Der DOSB hat die Stimmung in Rhein-Ruhr durch eine Forsa-Umfrage ermitteln lassen. "Eine solide Ausgangsbasis für weitere Aktivitäten" soll laut Hörmann in Rhein-Ruhr gegeben sein. Das sei wichtig, denn man brauche nicht nur die bereits vorhandene Unterstützung durch die Landesregierung, sondern eben auch den Rückhalt in der Bevölkerung.

Man sehe "ein erfreulich positives Bild in jeder der beteiligten Kommunen", so Hörmann. Beim DOSB ist man sensibilisiert seit den Erfahrungen mit der Olympiabewerbung Hamburgs für die Sommerspiele 2024, als 51,6 Prozent der Hanseaten in einem Referendum dagegen votierten.

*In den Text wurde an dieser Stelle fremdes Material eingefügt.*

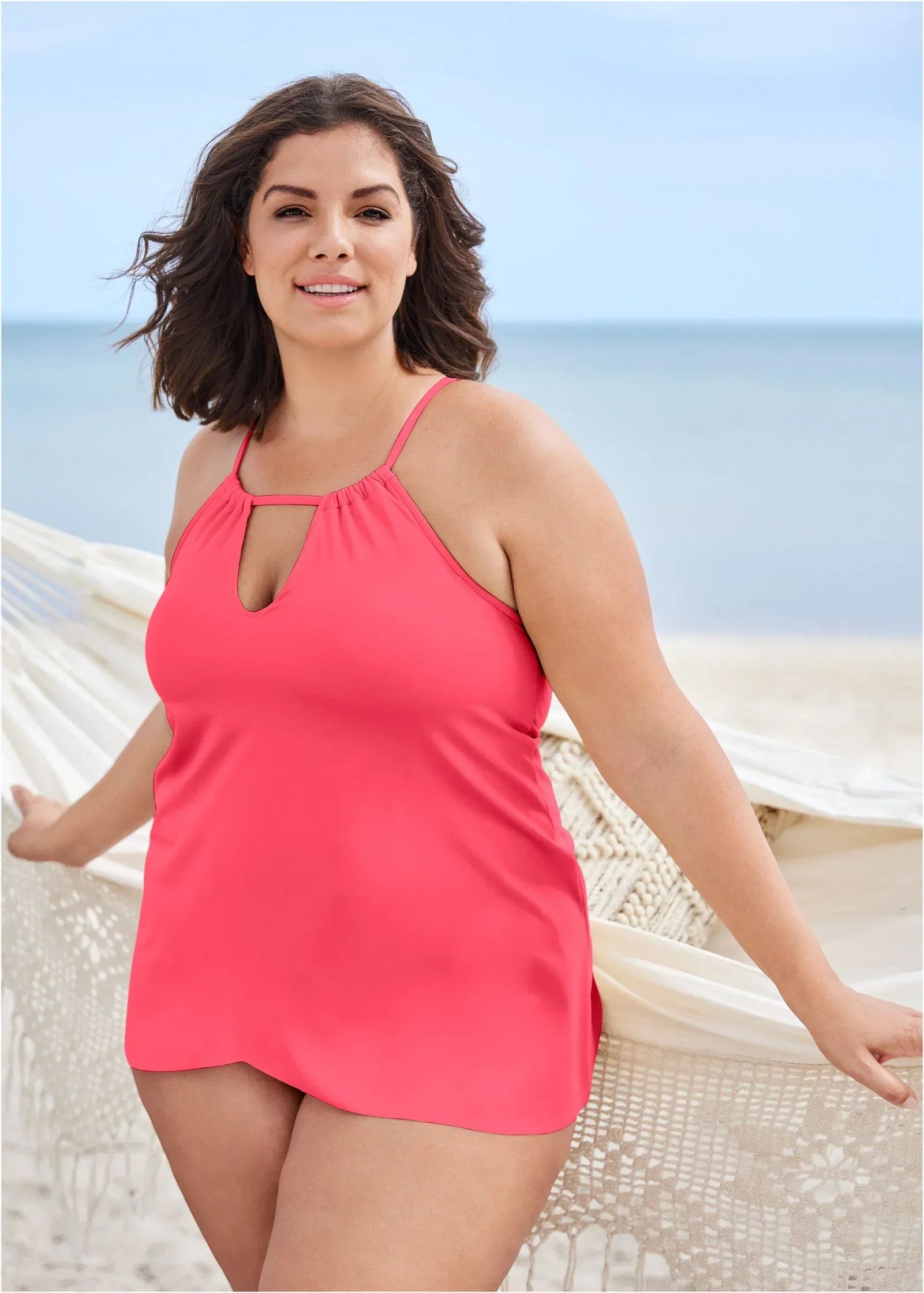 Georgia Tankini Top Sunset Pink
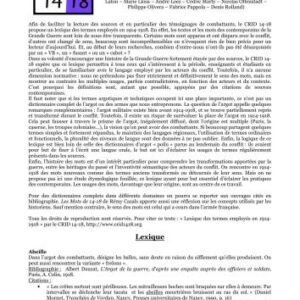 خرید و دانلود نسخه کامل کتاب Lexique des termes employés en 1914-1918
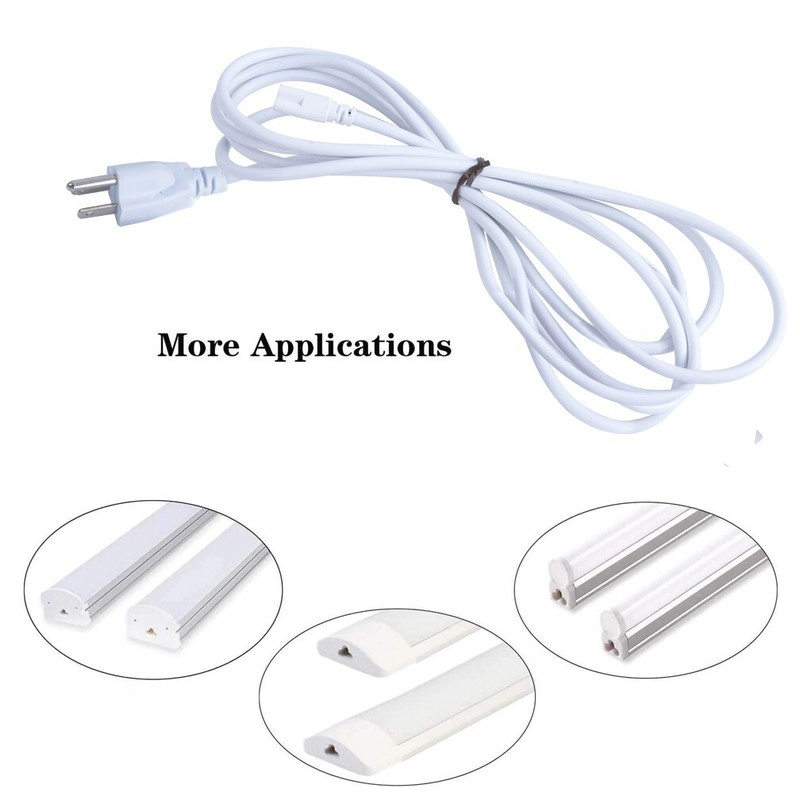 3PCS 5FT POWER CABLE no Switch For T8 T5 Integrated LED Tube Light Replacement gallery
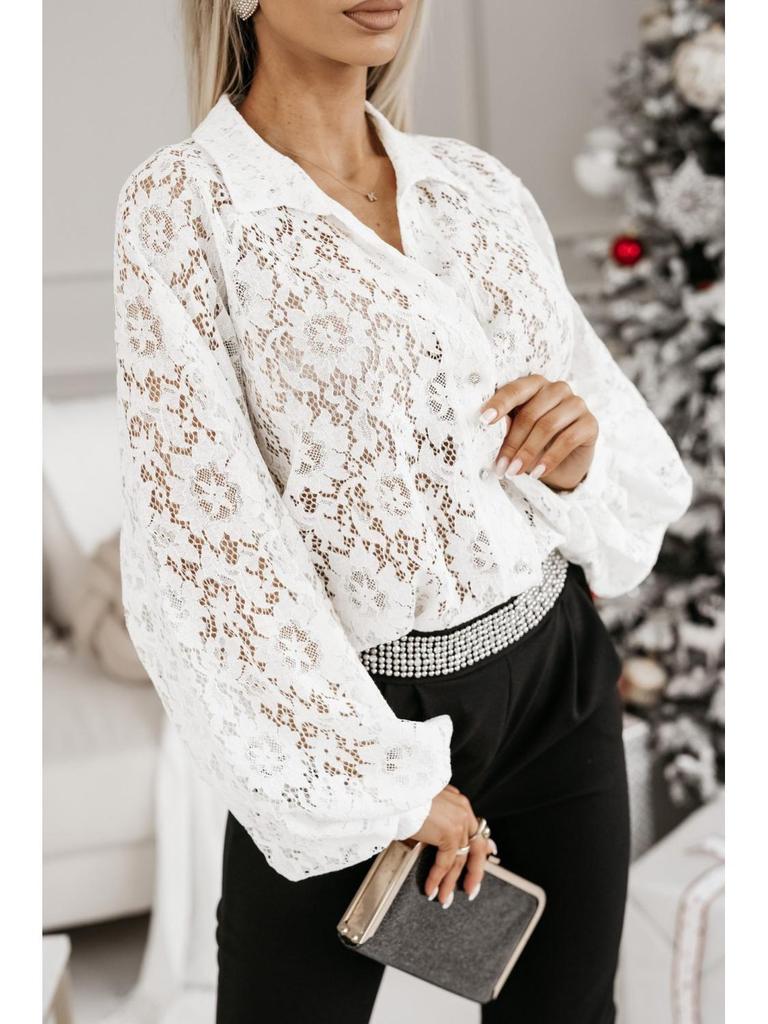 Frühlings Europäisches & Amerikanisches Damen Sexy Spitzenhemd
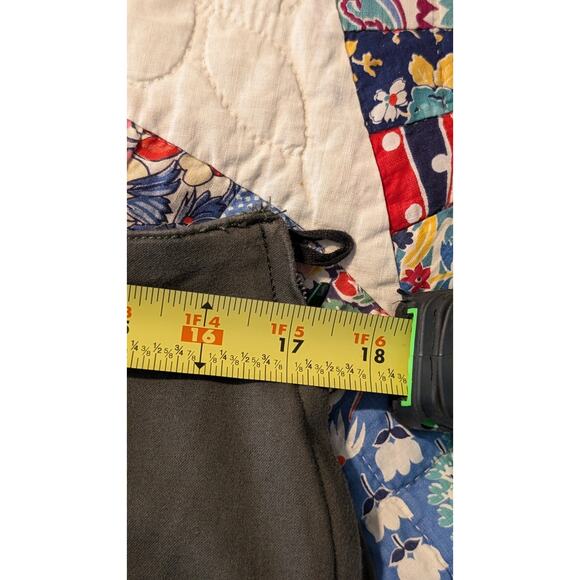 Gloria Vanderbilt Loden Side Zip No Waistband Flat Front Pedal Pusher Pant Sz 14 - Picture 10 of 11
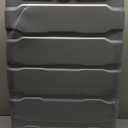 Samsonite Omni PC Hardside Expandable Luggage with Spinner Wheels, Silver, Checked-Large 28-Inch
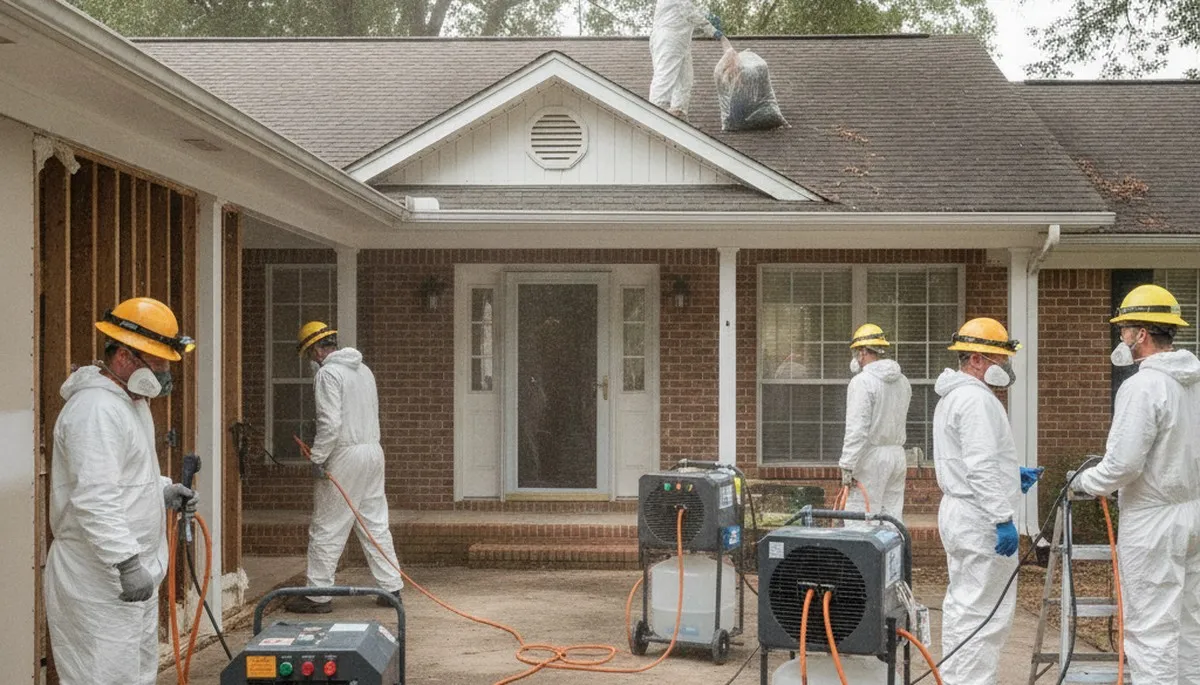 Water damage restoration team serving Birmingham, AL with professional cleanup and repair services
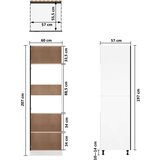 Ormarić Omara za hladilnik črna 60x57x207 cm iverna plošča | Shoptok.si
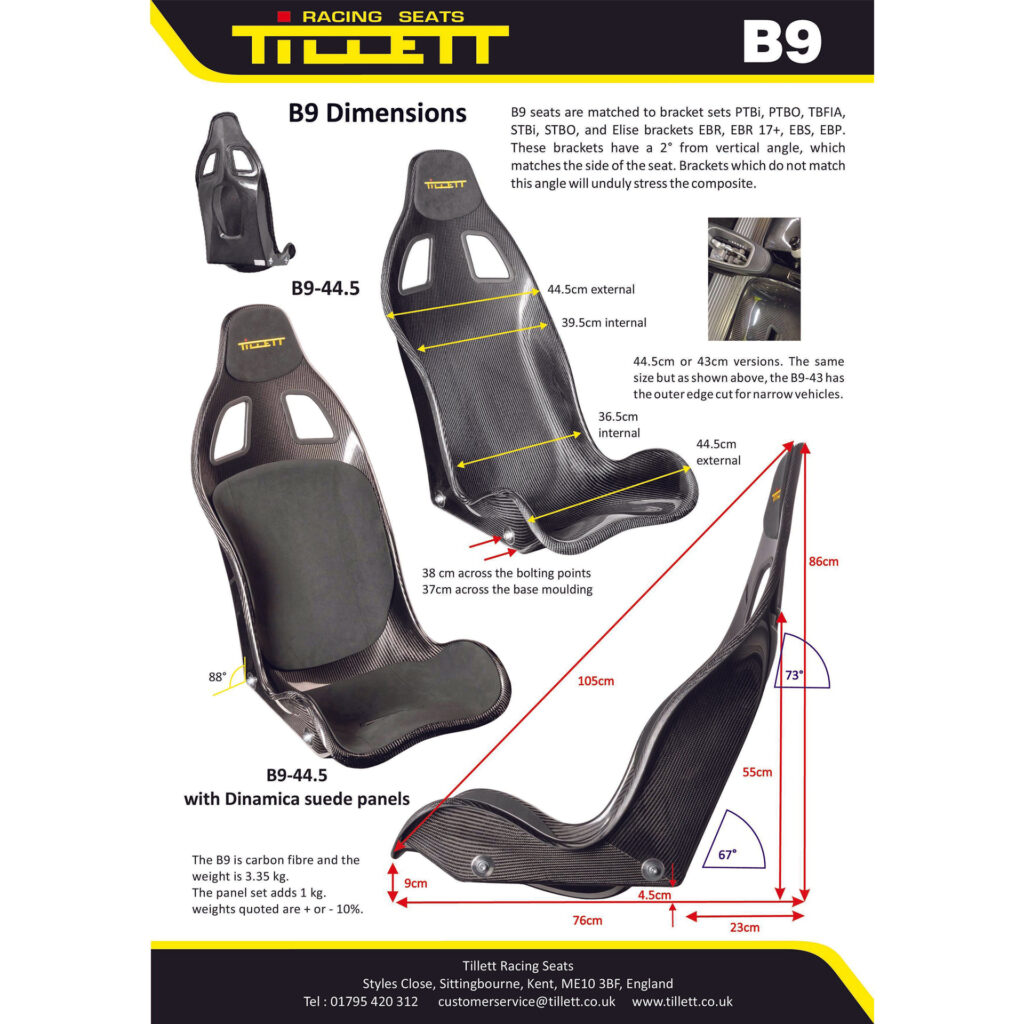 Tillett B9 Seat Kit for Nissan R35 GTR 2009+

Auch der neue Präsident des nordrhein-westfälischen Landessportbundes Stefan Klett ist optimistisch: "Weil gleich 14 Städte gemeinsam über alle Parteigrenzen hinweg diese Begeisterung teilen, ist es aus meiner Sicht bereits schon gelungen, eine unabdingbare positive Stimmungslage der Bevölkerung an Rhein und Ruhr zu erzeugen", sagte Klett der "Rheinischen Post".

Wie geht es jetzt weiter?

Für die Bewerbung Rhein-Ruhr muss jetzt ein fertiges Konzept erstellt werden. Vor allem die Finanzierung und die damit einhergehende Verteilung der Mittel zwischen Bund, Land und Kommunen sei ein elementarer Punkt dieses Konzepts, so Hörmann. Zudem müsse auch noch einmal die konkrete Organisation der Bürgerbeteiligung vorgestellt werden. "Gerade in den Kernstädten wie zum Beispiel Köln und Düsseldorf brauchen wir eine deutliche Zustimmung, weil das Konzept andernfalls sinnlos und zum Scheitern verurteilt wäre", so Hörmann.

Erst wenn diese Punkte geklärt sind, kann eine offizielle Entscheidung über die tatsächliche Bewerbung durch die Mitgliederversammlung des DOSB getroffen werden. Wahrscheinlich wird der Deutsche Olympische Sportbund auf seiner Präsidiumssitzung am 26. April die Lage analysieren und im Anschluss den weiteren Fahrplan festlegen, ehe dann im Idealfall bei der Mitgliederversammlung am 5. Dezember eine Entscheidung über das Verfahren getroffen werden könne.